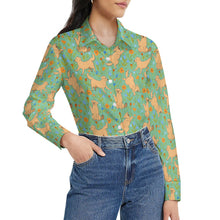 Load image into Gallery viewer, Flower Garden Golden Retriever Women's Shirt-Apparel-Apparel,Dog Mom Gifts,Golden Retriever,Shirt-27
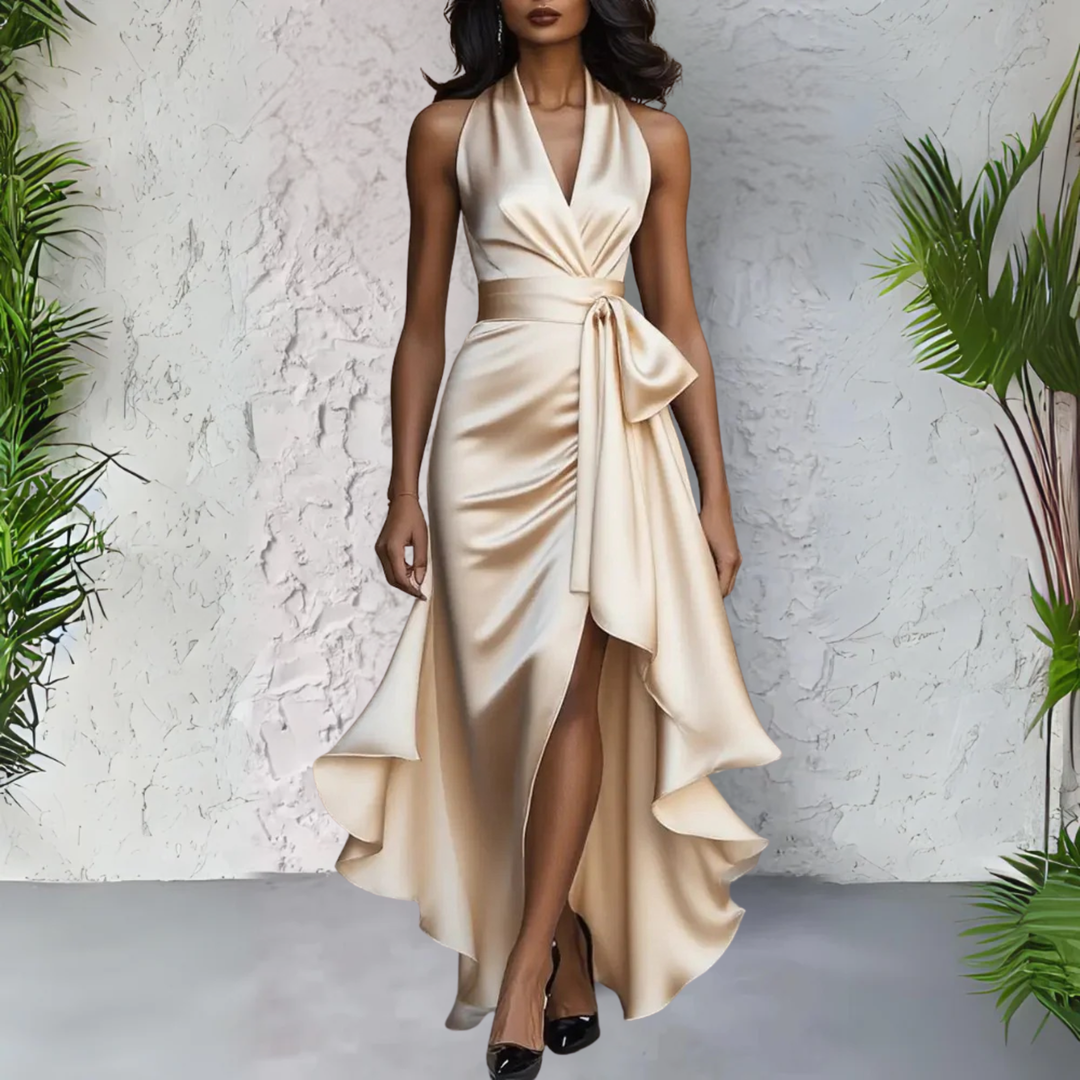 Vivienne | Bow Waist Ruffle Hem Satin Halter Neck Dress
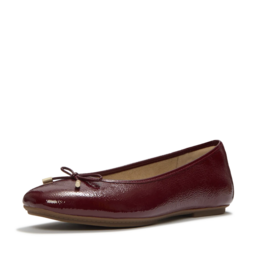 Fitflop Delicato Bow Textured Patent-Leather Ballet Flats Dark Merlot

◆ Work instructions
Starting at the line that contains "Vivienne | Bow", retype every line through the end of the material exactly as written, including both end lines but no pictures.

◆ Expected answer
 Vivienne | Bow Waist Ruffle Hem Satin Halter Neck Dress
 Fitflop Delicato Bow Textured Patent-Leather Ballet Flats Dark Merlot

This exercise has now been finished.